There’s certain rides at Disneyworld where, if you don’t go on it while you’re there, you just don’t feel like you’ve actually visited (although your next month’s Amex bill will probably provide confirmation that you did.) It’s different rides for different folks. In my case, it’s always been the Peter Pan ride, one of the very first rides I ever went on back when I was on a high school trip to the Magic Kingdom.
As it so happens, it was also Carol Kalish’s favorite ride. Carol, Marvel’s former direct sales head and a good friend who died far too soon, loved the Peter Pan ride (although it was marred for her during one outing when she went on with a comic book retailer and he spent the whole ride talking about Marvel’s rack credit program).
So I was very interested in how her namesake, Caroline, would react on her first excursion on that same ride.
As we stood in line, I pointed at the passing pirate ships and told Caroline we were going to fly. “Fly?” she said uncertainly. “Fly in ships?” She wasn’t sanguine about it at all. When we clambered into the vessel (Kath and Ariel were in the one in front of us) Caroline clutched tightly and nervously to the lap bar that settled on us. Her eyes went wide as we moved forward, up, and then appeared to be hurtling into thin air (naturally she didn’t look up to see that we were being carried on an overhead track.)

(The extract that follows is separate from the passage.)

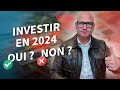 Investir dans limmobilier en 2024 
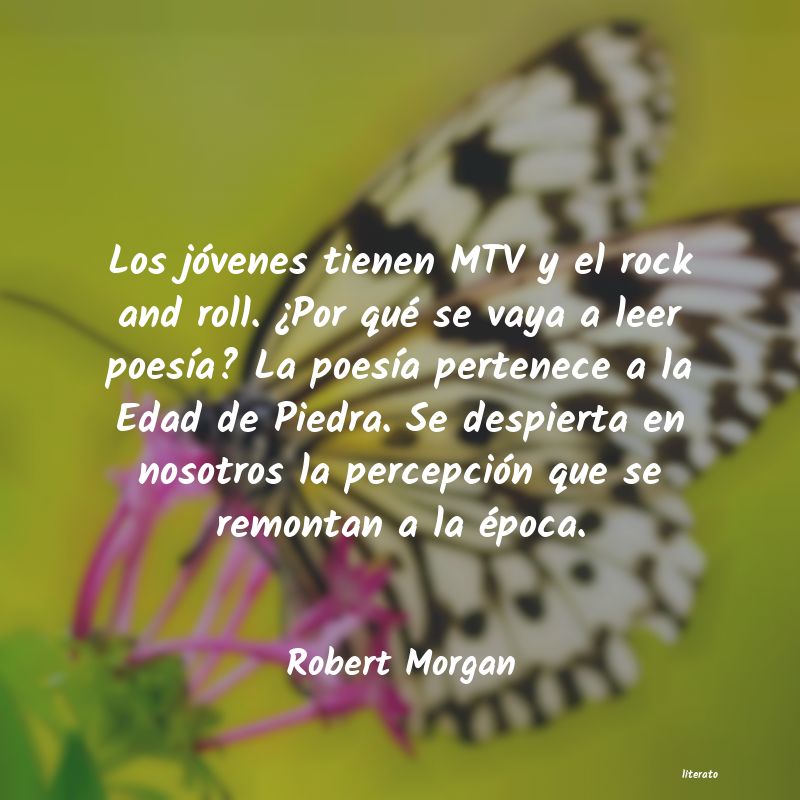 Frases de Robert Morgan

“See, Caroline? We’re flying,” I told her, and pointed at the “night sky” over London. “See? There’s the stars. And there’s the city, way down there!”
“Stars,” she whispered in astonishment. And then, as we went higher, she suddenly pointed and gasped in delirious joy, “It’s the moon!”
Sure enough, just to our left was a large full moon. The silhouettes of Peter, Wendy et al were moving across it as it turned. I had my arm wrapped around Caroline just to make sure nothing happened. And she stretched out her little fingers, desperate to touch it, not quite succeeding. Completely enthralled in Disney magic, she cried out, “Oh, Da! It’s the moon!”
She watched the rest of Neverland with proper amazement. And although there were any number of rides and character greetings she enjoyed, that was the one moment in the park where she was totally swept away by pure fantasy-made-real. For a few seconds, one little girl sailed through the stars in a pirate ship and came justthatclose to touching the moon.
If Carol was watching through her eyes, I think she liked what she saw.